2. Overfunction and of course micromanage: Insecure leaders tend to be willful, lacking the ability to respect and establish appropriate boundaries. They take responsibility for what is not theirs and foster overfunctioning, herding and groupthink by offloading their anxiety on others and imposing it on their staff. Effective leaders treat their staff like professionals and encourage them to function at higher levels of maturity.

3. Play the game of 'divide and conquer': Ineffective leaders don't develop their staff into a team of colleagues. Instead, fearful of losing control or influence they participate in reactive secrecy, sharing information with some while purposefully withholding it from others. This results in staff member confusion and the perpetual staking out of territory. Good leaders understand that specialization doesn't have to result in compartmentalization. They encourage teamwork by developing a culture of trust through integrity.

4. Neglect a theology of calling: A key question is, "Does the church call the staff, or does the pastor "hire" the staff?" Answered one way it looks like the staff "belongs to the pastor." Answered the other way, it reframes the relationship between the congregation and staff. Mature pastors foster a theology of vocation and allow the congregation to participate in the call of staff. They also allow the staff and congregation freedom to work out these relationships.

5. Don't plan the corporate worship service together: A great way to isolate staff and fail at cultivating a shared culture is to not have a weekly worship planning time together. Staff members' participation in leading worship also validates their vocation in the eyes of the congregation. The benefits of doing so include - spending significant time together, cultivating a shared corporate theology of worship, opportunities for prayer, reflection, confession, while tapping into the various talents and expertise that each staff member can contribute. All this helps develop a diverse culture of shared values and perspectives.

6. Maintain a dysfunctional personnel committee: Ineffective leaders often don't spend enough time developing this type of committee into an asset for the staff and congregation. Smart leaders cultivate healthy congregational resources and a high functioning personnel committee encourages everyone to aim for higher standards across the board.

7. Try to make staff members responsible for other people's functioning: Take this as a sure sign of fear and reactive behavior when the pastor/leader insists on making staff members responsible for the behavior of others. (a youth leader held accountable for the actions of the church youth, or a church educator pressured to increase the numbers attending classes).
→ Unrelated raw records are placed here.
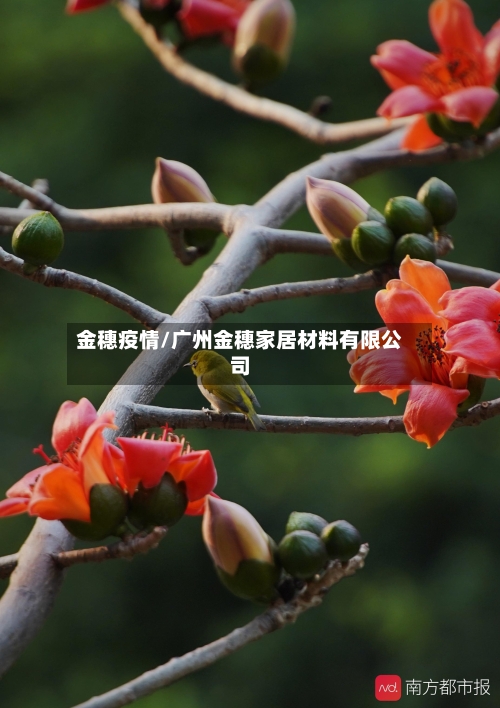 金穗疫情/广州金穗家居材料有限公司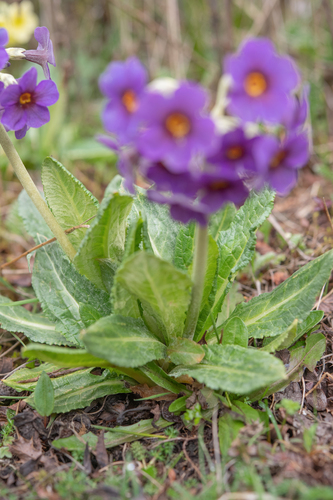 Primula calderiana, photograph 5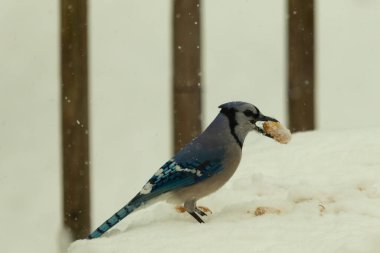 Mavi alakarga kuşunun fıstık almaya geldiği çok güzel bir sahne. Corvid 'in parlak mavi renkleri etraftaki güzel beyaz karların arasında duruyor..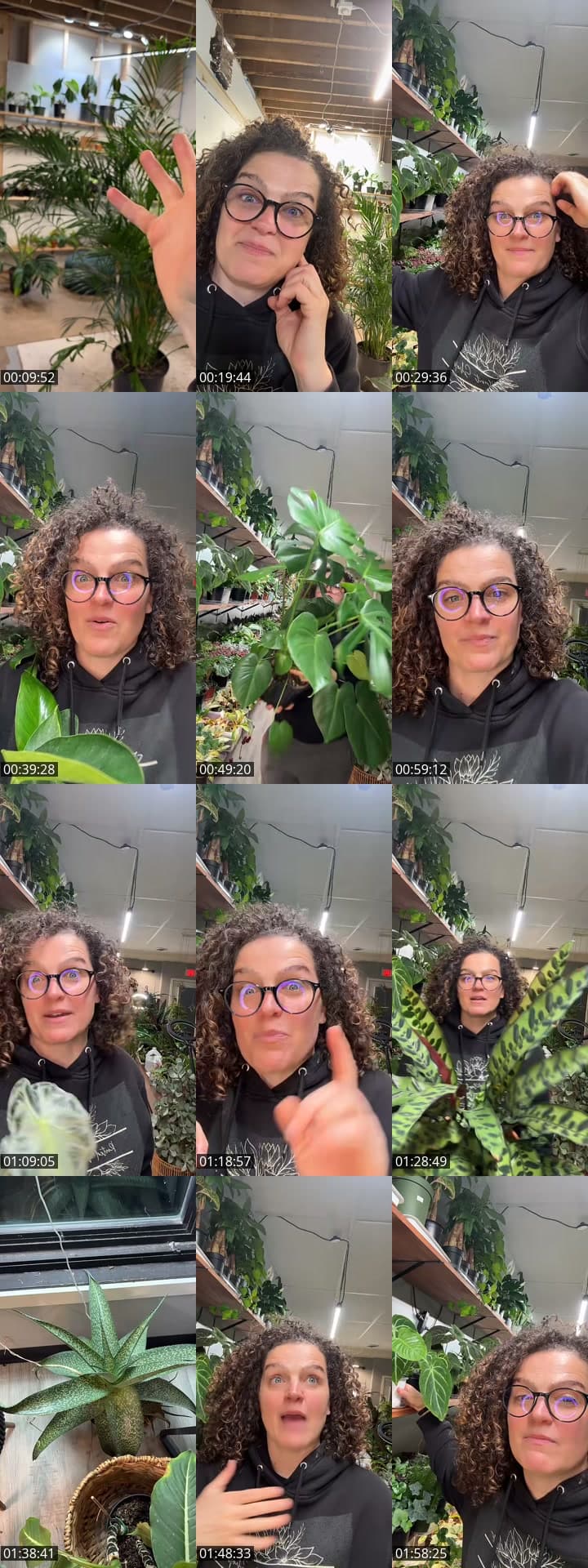 @rootedplantshop TikTok live stream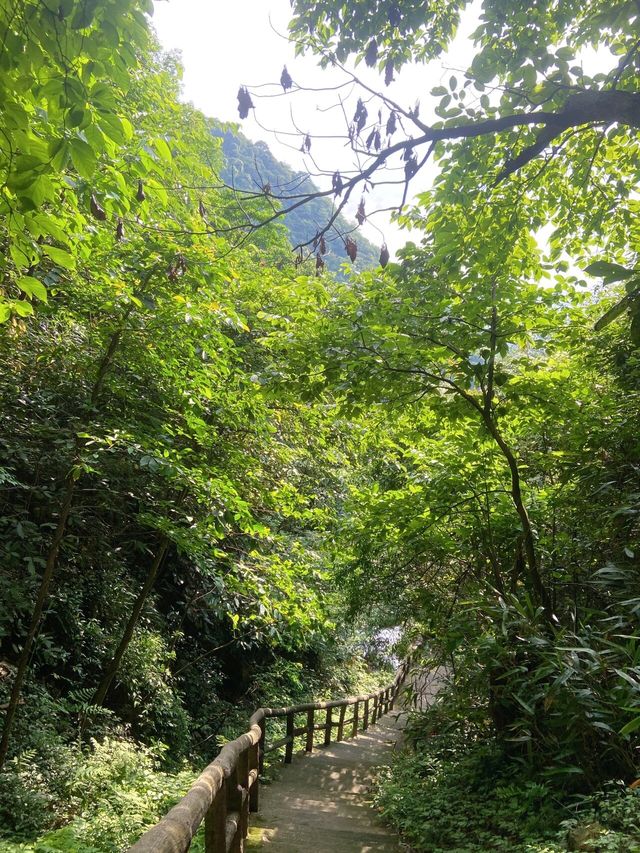 郴州王仙岭｜｜宛如在畫中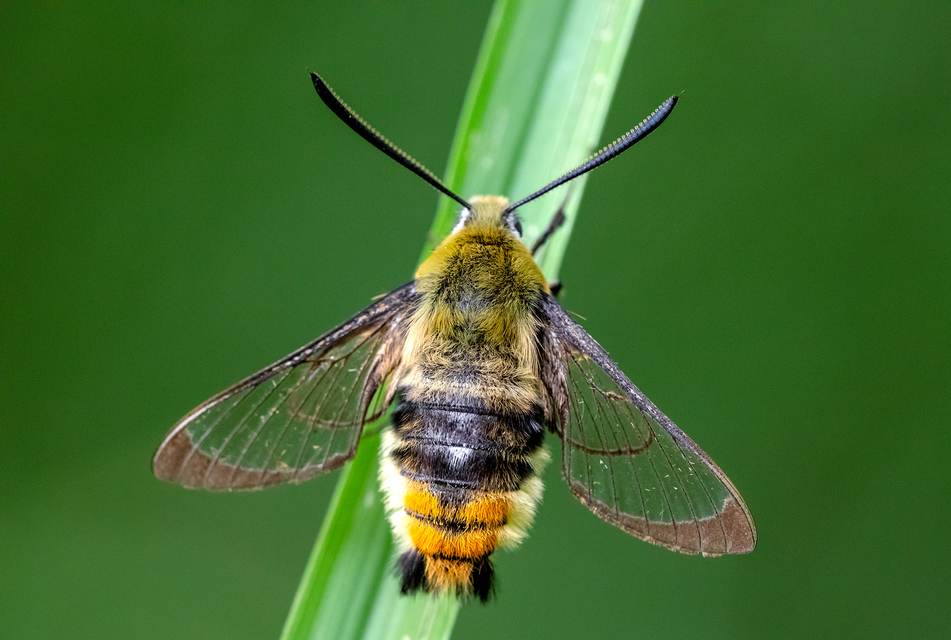 Hemaris tityus - pöszörszender Hemaris tityus - pöszörszender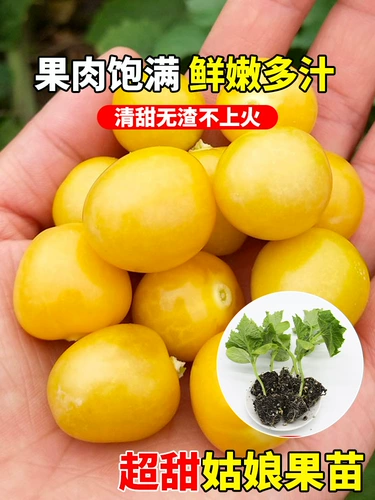 Сеянки для девушек из ревеня красные грибы семя семян семян семян семян семян семян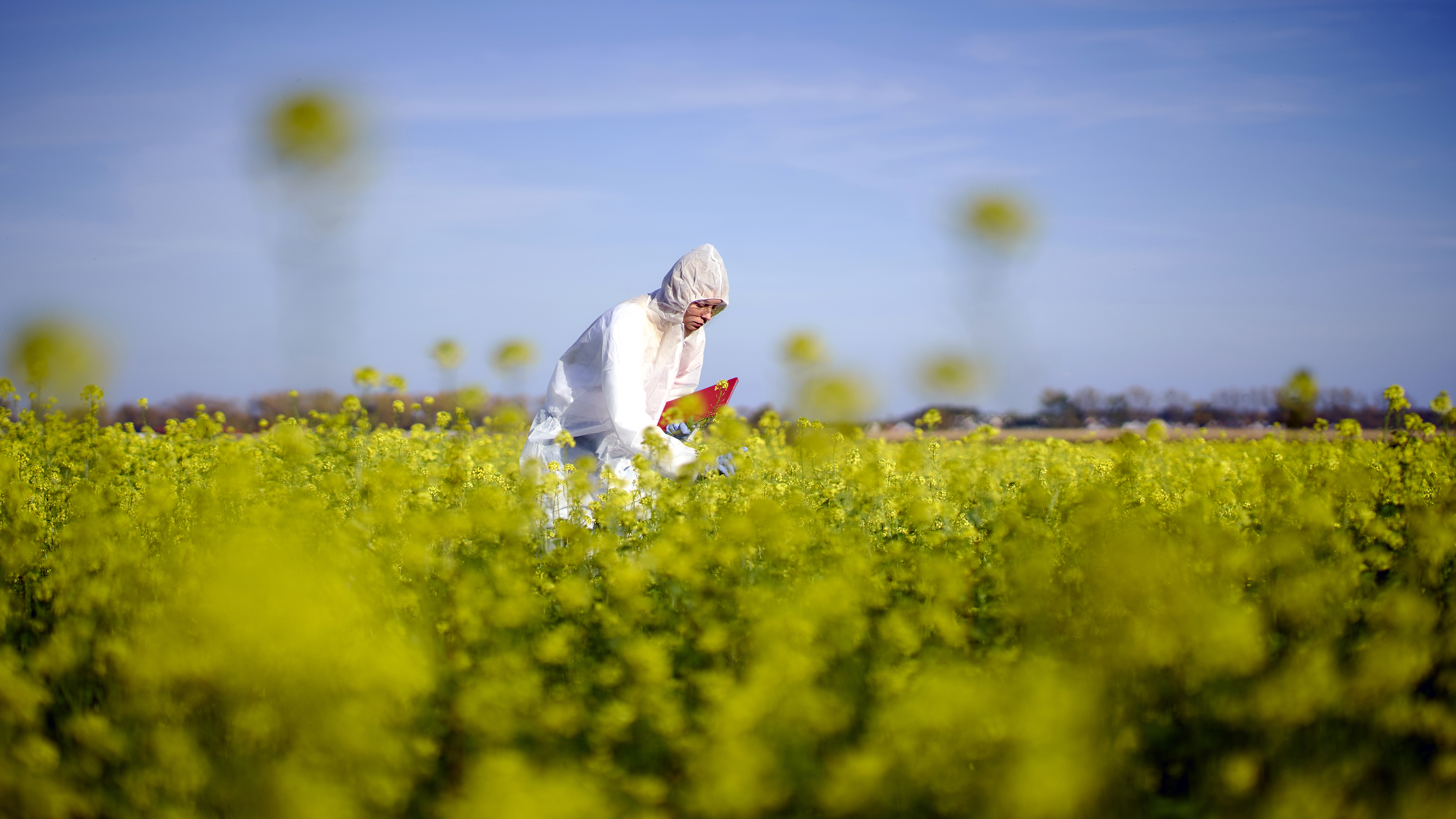 Female agronomist in protective gear recording crop sampling and quality control test results in rape seed canola farm field in Germany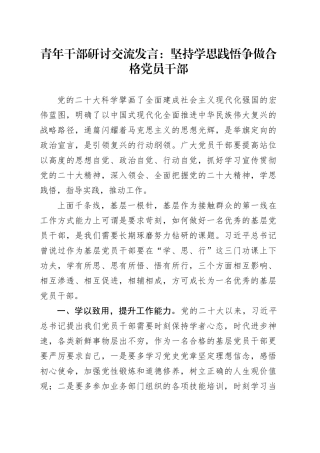 青年干部研讨交流发言：坚持学思践悟争做合格党员干部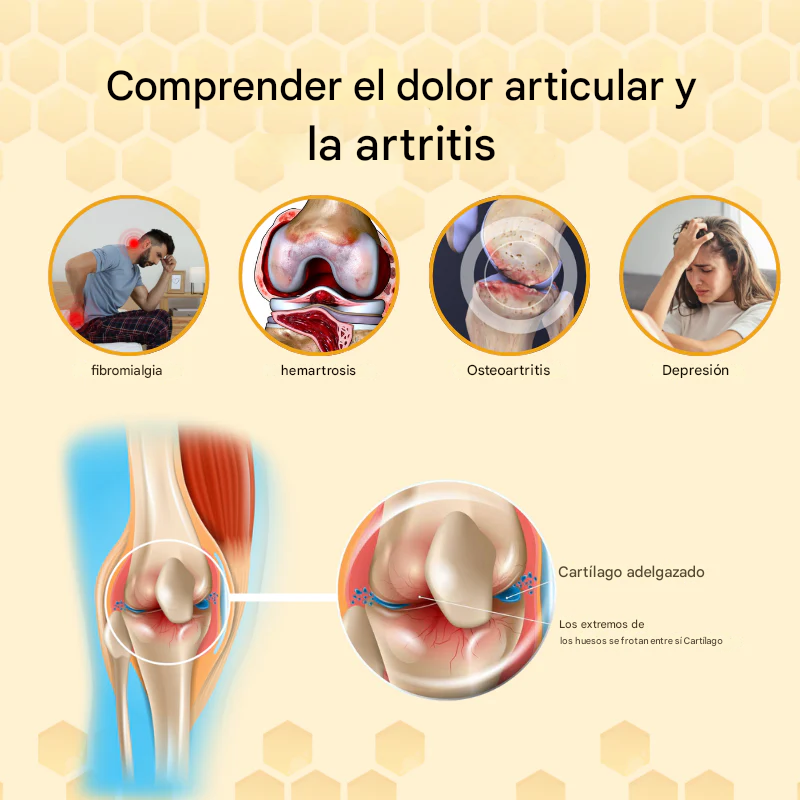 (SET X 10🔥😱) 🩹🦴Parche para articulaciones con veneno de abeja🔥🐝 Biancat™ ArthroRelief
Effective leaders encourage staff to be good stewards, but don't hold them accountable for the decisions or behavior of others.

8. Lower expectations and standards: Ineffective leaders settle for less. Wise leaders cultivate the perspective that their congregations deserve top quality staff. There is no good reason to settle for mediocrity, and in doing so you will actually lose the best people first. Effective leaders choose personal maturity over experience and invest in the long-term. (It takes several years to get to the top of your game and a string of short-termed staff tenures get the congregation nowhere.)

9. Neglect your own spirituality: Leaders can only enhance the spirituality of the staff and congregation to the extent that they are growing and maturing spiritually themselves. Staff knows when the leader is not studying, not spiritually centered and when they are not feeding themselves.

10. Don't invest in your staff's professional development: Effective leaders are intentional in cultivating their staff by providing vision, providing the necessary budget for individual development, providing a sabbatical leave program and by nurturing a learning environment that encourages and challenges everyone.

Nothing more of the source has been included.